On this trip, we stayed in over thirty different self catering apartments and houses. It is a great way to travel with children, both because you get far more space than you get in any hotel room, and because you save a lot of money, and eat far more healthily, by cooking, rather than eating in restaurants the whole time. You also get the feeling of living like a local, as you go grocery shopping, and use public transport the way the local would.
That means I’ve done a lot of booking. The hard part about booking this kind of accommodation is that it is unique (unlike a hotel room) and so you will not find individual places listed in any travel guide, or with any travel agent. It takes more research, and you are frequently dealing directly with the owner (for whom it is often their own holiday home).
That, in turn, means that there are a few restrictions on renting. Often, there is a minimum stay of a week. And if the place is in a summer holiday kind of place (by the beach, say), you might be restricted to only renting from Saturday to Saturday. Fortunately, that worked very well for us – we generally stayed for a week or two, and by default, Saturday became our travel day most of the time.
The two websites I have used most in Europe are homeaway, which has a huge list of holiday cottages and apartments, and way to stay, which is mostly for apartments in big cities. Homeaway is a massive group that has been developed from individual sites in different countries. I like it both because it has a huge choice, but also because it is the most easily searchable of all of this kind of sites (for things like internet access, washing machines, and location).
In France, gites-de-france is an official French site that I only found out about near the end of our time in France. French gites are holiday cottages, and most french owned holiday cottages will be listed there, as well as (maybe) on an English speaking site.
In the US, tripadvisor sometimes has a better selection of places, but in most other places it is not as good. I’ve also used a few location specific sites (in Amsterdam, for example, a place that specialised in houseboats)
Basically the more research you are willing to do, and risk (in terms of handing over money) you are willing to take, the more you will get for your money. Research includes original language sites – in Spain, for example, you get a bigger choice if you use the Spanish language sites (which I didn’t do, as I wasn’t confident enough in google translate). Some of the aggregators, particularly for the nicer parts of France, aimed at the US market, seem to have enormous markups compared with similar places listed on Homeaway. But the plus with using one of these is that you know you will get a good place, and they have got rid of the duds for you.
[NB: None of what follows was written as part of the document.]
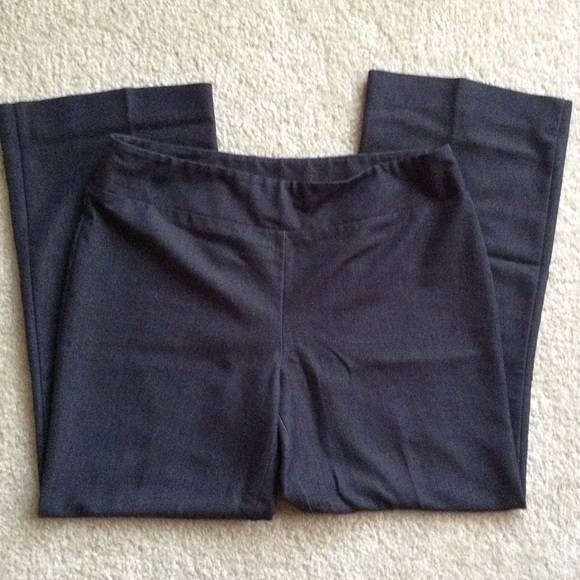 Julie Mitchell Charcoal  Gray Slacks - Picture 2 of 3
Using Homeaway you are connected directly to the owner, and way to stay is an aggregator who has done some of the work for you (in vetting the reality of the place), but isn’t guaranteeing quite as much quality as an upmarket place like this one (which we didn’t use) which means they tend to be more expensive, but you don’t have to worry quite so much about handing money over before you get there.
I find with any of these aggregators, the best way to find a good place is to choose places with reviews and read them. Negative reviews don’t always mean the place is bad (I saw one review which complained about stairs which were prominently mentioned in the ad!) but they give you a sense of the place by the aspects they like and dislike.
When we’ve stayed in places with rave reviews, we have generally loved them, too (although occasionally we’ve been unpleasantly surprised – Bordeaux for example).
Places with an internet connection (generally listed) and flat screen TVs (visible in the pictures) are generally nicer all round – the owner has put the effort into modernising, and it shows in the whole flat. We also always choose a place with a washing machine, and preferably a dishwasher, too.
All the apartment sites have fairly complete lists of what is in the apartment, and which beds are where, which show you how many rooms there really are (sometimes 2 bedrooms just means one bedroom and a sitting room, but usually it means 2 bedrooms). They all generally include a total size, which is incredibly helpful in understanding how much space you will have. I generally tried for a minimum size of 75 metres squared, but in cheaper places I could splash out (for example our gorgeous apartment in Krakow was 110 metres squared, and felt very spacious).
The key is to understand what is important to you. After a bit of experimentation, for us it is more important to be close to the centre (particularly in a big city) than in a big place. But that is how we live at home, in Australia, as well.
A word of warning. We were almost scammed by one place in the US. The owner’s email had been hacked and without knowing it, we were corresponding with the hackers. I became nervous after they offered to take my credit card details only if I also provided a recent utilities bill to prove it was me. The place itself had some great reviews (which I usually think is a good sign that they are not a scammer). Every site suggests that you phone people before giving them money. Because of time differences and our lack of a cheap mobile phone, I never did that, but I was conscious I was taking a risk, particularly with places that asked for deposits into bank accounts.
Staying in self catering accommodation isn’t for everyone. But for us, I think I will continue to do it any time we are staying in a place longer than a few days. You can live in some amazing places, and you live a bit more like a local than any hotel.